My wife has schizophrenia, but it was a late on-set. She was near 30 before she had her first encounter with the voices. Needless to say, I was not prepared for what has now been over 20 years of fear, anxiety, frustration, hurt, guilt, confusion, disappointment, pain, etc, etc, etc.... Since then, I have found out her grandmother, father, and cousins all have or had the illness. Fortunately we have not had children which to me have been a blessing and a disappointment. Of course I would not want anyone to have this "madness", so it is a blessing we haven't had children.
I believe my wife must be an unusual case, she was a late bloomer to the illness, she has taken all the meds, which really just dull the senses. Of course she doesn't think she has a problem, so now she doesn't take anything. She's spent time (multiple stays over the years) in the local psychiatric hospitals for her safety and mine and for "treatment". Since her last stay, Sept of last year, she has changed. She still hears the voices, but she is acting more "normally" than she has in years. Another blessing. Only God's grace has sustained me. I enjoyed Patrick's frank and honest discussion about his family. I can't image having more than one family member with this illness.
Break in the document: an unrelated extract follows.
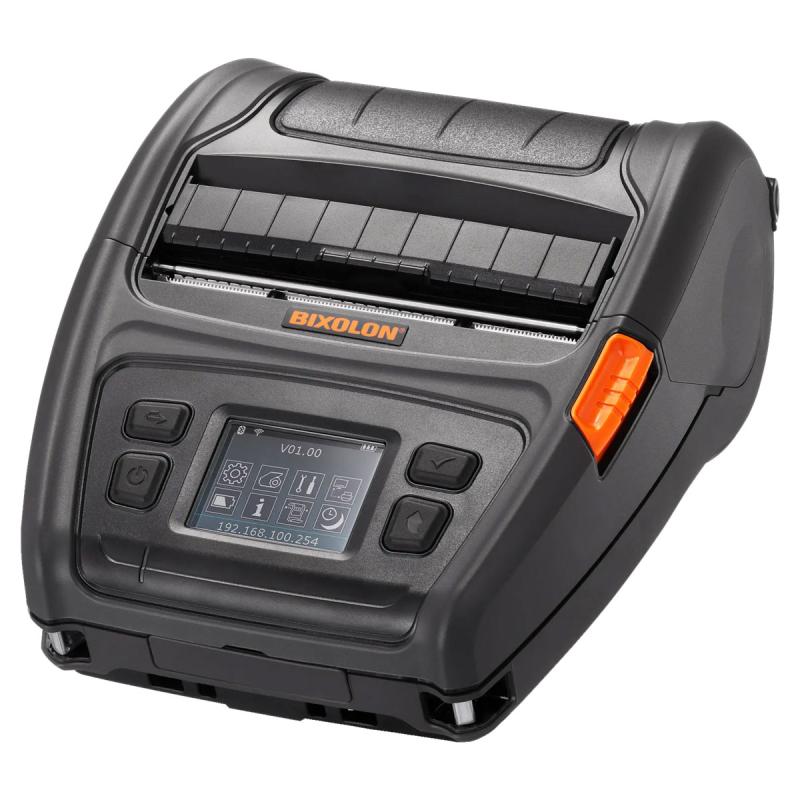 Bixolon XM7-40,TD, (203dpi), BT(iOS), LL Platen, LCD, Black Mark, Gap, Gürtelschlaufe, Akku, 6800mAh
God bless you Patrick!

Your Name
March 18, 2009 4:33 PM

I believe i suffer from schizophrenia. i am a 31 year old female and i started hearing voices off & on around the age of 21- i am now 31. it has gotten worse b/ i have sprained my wrist resulting in an injury due to a "freak ot" session during my sleep. it's almost like a re-occuring dream but i think there is someone coming into my room and i jumped out of bed in my sleep and fell backwards. so.....my husband & i joke about it- but i freak out off & on from time to time. i don't know if it's stress or environmental that effects this condition more. but i would say its safe to say i suffer from this mentally.....and physically. any input on this? feeling lonely,embarrassed, mis-understood, and possibly in public denial but i know deep down what i truly believe!

Your Name
March 18, 2009 4:46 PM

You seem to see the disease in a different light. I wish my mother would work with me, she gets very upset and thinks sometimes I am against her. I am so exhausted but I love her and want to make things better for her. She refuses her heart medicine and doesn't see there is a problem. She hasn't mentioned hearing the voices lately but at the beginning she heard them one night all night long and we were up with her yelling "I know you hear the music and the people calling my cat" It really is so frustrating, I was told to say that I did hear them just to calm her. I so appreciate your imput on all of this and want to get a copy of your book.